Теперь мы попытаемся сформулировать основные положения истинных воззрений друидов на этот вопрос и для этого прежде всего по возможности рассмотрим дополнительные источники информации, оставив в стороне античных авторов. Если их утверждения, будто уверенность в бессмертии, в каких бы словах она ни выражалась, была достаточно сильной для того, чтобы лишить смерть ее устрашающей силы в глазах простого народа, то мы с полным правом можем обратиться к поздним кельтским легендам и попытаться обнаружить в них пережитки подлинной формы этих верований вне зависимости от того, представляли они собой настоящее учение о переселении душ или какую-то другую доктрину.

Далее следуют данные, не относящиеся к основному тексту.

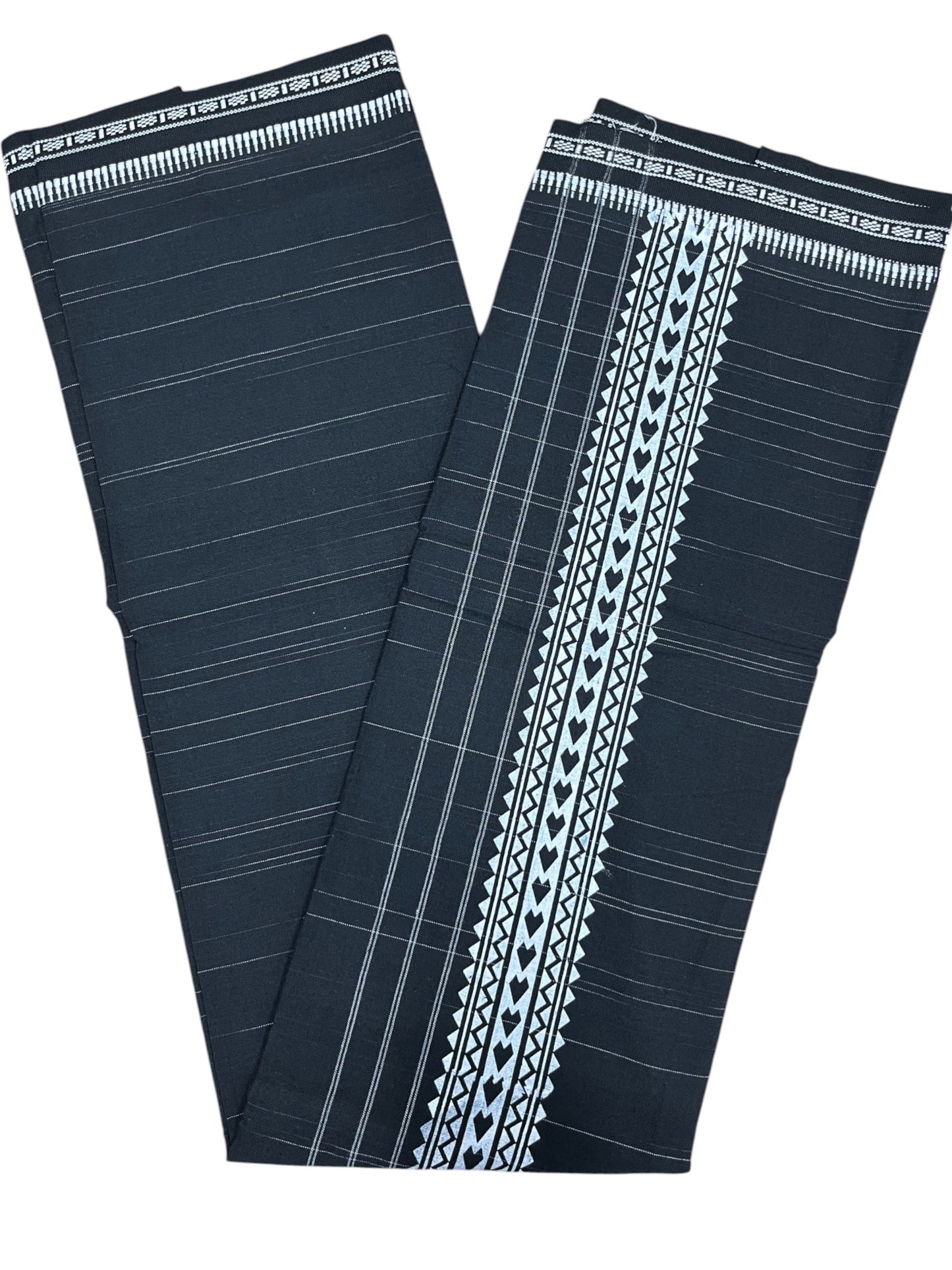 Southloom Black Printed Single Mundu / Otta Mundu / Lungi (South Indian Kerala Dhoti)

В сущности, в кельтской литературе встречаются крайне незначительные признаки, которые могли бы указывать на существование в отдаленном прошлом всеобщей веры в метемпсихоз, и тем не менее в ирландских сагах мы можем найти три-четыре хорошо известные легенды о перерождении отдельных людей. Например, богиня Этайн, жена Мидира, была превращена ревнивой соперницей в насекомое и носилась над Ирландией, пока в конце концов не упала в винную чашу в доме ульстерского вождя Этара, откуда ее вместе с вином выпила его жена. Затем она вновь родилась, сохранив свое имя и личность, но утратив воспоминания о прошлой жизни. Существует также одна версия легенды о рождении героя Кухулина, по которой он являлся реинкарнацией бога Луга, который в облике ребенка был отдан на попечение Дехтире, а затем умер и проник в нее в форме червячка, когда она пила. Обе эти легенды в письменной форме были зафиксированы в Книге Бурой Коровы, датируемой началом XI в., и, судя по всему, представляют собой древние легенды кельтов дохристианской эпохи.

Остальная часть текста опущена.